(Dataset records)
%%

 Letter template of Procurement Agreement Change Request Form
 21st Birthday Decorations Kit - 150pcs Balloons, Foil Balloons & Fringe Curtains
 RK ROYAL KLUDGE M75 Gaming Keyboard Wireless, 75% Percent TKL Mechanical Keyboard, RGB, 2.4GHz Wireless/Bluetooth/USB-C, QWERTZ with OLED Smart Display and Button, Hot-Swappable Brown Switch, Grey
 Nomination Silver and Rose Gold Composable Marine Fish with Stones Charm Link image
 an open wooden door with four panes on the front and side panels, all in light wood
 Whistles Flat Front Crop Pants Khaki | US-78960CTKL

%%
%%

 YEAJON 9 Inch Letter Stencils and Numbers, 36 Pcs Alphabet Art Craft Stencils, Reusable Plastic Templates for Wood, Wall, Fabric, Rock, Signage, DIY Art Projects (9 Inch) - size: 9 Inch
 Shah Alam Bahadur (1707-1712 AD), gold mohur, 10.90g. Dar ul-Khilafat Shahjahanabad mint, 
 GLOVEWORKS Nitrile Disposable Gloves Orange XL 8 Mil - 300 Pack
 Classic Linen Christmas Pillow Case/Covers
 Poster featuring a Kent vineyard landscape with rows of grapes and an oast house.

%%
%%

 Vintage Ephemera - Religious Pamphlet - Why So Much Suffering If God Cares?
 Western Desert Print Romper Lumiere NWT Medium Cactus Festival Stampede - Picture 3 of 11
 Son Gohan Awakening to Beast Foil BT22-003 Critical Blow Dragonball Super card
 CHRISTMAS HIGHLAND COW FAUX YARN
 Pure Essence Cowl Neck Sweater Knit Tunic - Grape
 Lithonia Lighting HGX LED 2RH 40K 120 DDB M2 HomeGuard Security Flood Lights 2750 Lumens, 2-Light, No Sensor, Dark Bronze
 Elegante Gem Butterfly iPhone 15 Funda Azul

%%

For each line in the entries that contains the string "Letter", make a copy.

_EXERCISE RESULT_
 Letter template of Procurement Agreement Change Request Form
 YEAJON 9 Inch Letter Stencils and Numbers, 36 Pcs Alphabet Art Craft Stencils, Reusable Plastic Templates for Wood, Wall, Fabric, Rock, Signage, DIY Art Projects (9 Inch) - size: 9 Inch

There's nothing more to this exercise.